---------- Forwarded message ----------
From: Eric Cavalcanti <[EMAIL PROTECTED]>
Date: Aug 13, 2005 4:38 PM
Subject: Re: Modal Logic
To: Bruno Marchal <[EMAIL PROTECTED]>
On 8/13/05, Bruno Marchal <[EMAIL PROTECTED]> wrote:
> Hi Eric,
> > I am having a problem understanding this axiom:
> >> (...) Lob formula (B(Bp->p)->Bp), the main axiom of the modal logic
> > Suppose p = "it is raining today"
> > B(Bp->p) is true because I believe that if I believe it is raining
> > today
> > it IS raining today, since If I believe it is raining today it is
> > because
> > I have gone outside and seen that it is raining today, or I believe my
> > source of information for that matter.
> > But it doesn't follow from that that I do believe that it is raining
> > today.
> > It happens by the way that I don't believe it is raining today, because
> > I can see a beutiful sun outside.
> > What's wrong?
> Literaly, it means you are less modest than a Lobian machine!
> If B(Bp -> p) was true, it would mean that whatever the poof you have
> that p is true, then p is true. What about dreaming that you have look
> through the window and see it rains?
OK, I grant that I might have false beliefs. In fact, I strongly
believe that I do have many false beliefs.
> (Remember B is not the "incorrigible" first person. B is really for a
> scientific third person sharable justification). Of course it makes
> things still more unbelievable, given that you will tell me that in
> case you have a proof, it is even more amazing you can be wrong. But
> then it is like that by incompleteness.

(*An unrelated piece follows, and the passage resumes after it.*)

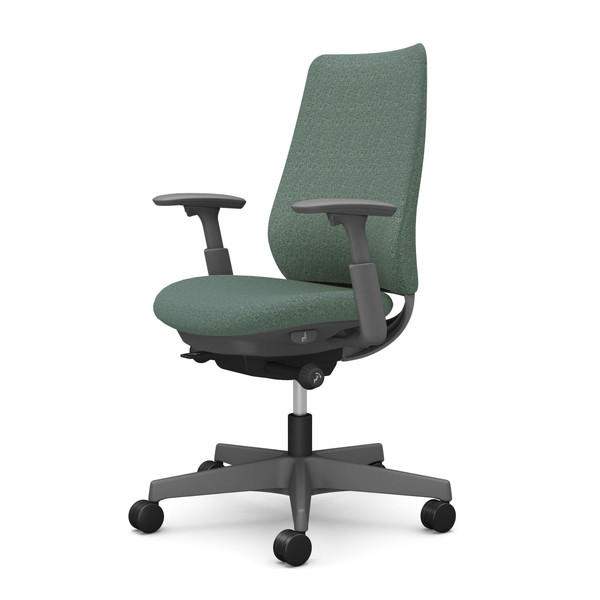 オカムラ オフィスチェア ポータム スタンダードバック ダークグレーフレーム 背クッション 可動肘 ウレタンキャスター インターロック ダークグリーン CF83ZA FXW5『送料無料（一部地域除く）』の通販は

OK, so we shouldn't read Bx as "I believe x", but as
"It is believable that x". Is that right?
But B(Bp -> p) is very different from Bp -> p.
The first is "It is believable that p is believable only if p is true".
The second is "It is believable that p only if p is true".
But if we are talking about third person justifiable beliefs,
how can we ever say B(Bp->p) is true? Couldn't we always
be sceptical about the truth of any belief?
Can you give a particular example of a sentence p such that
B(Bp->p) is true?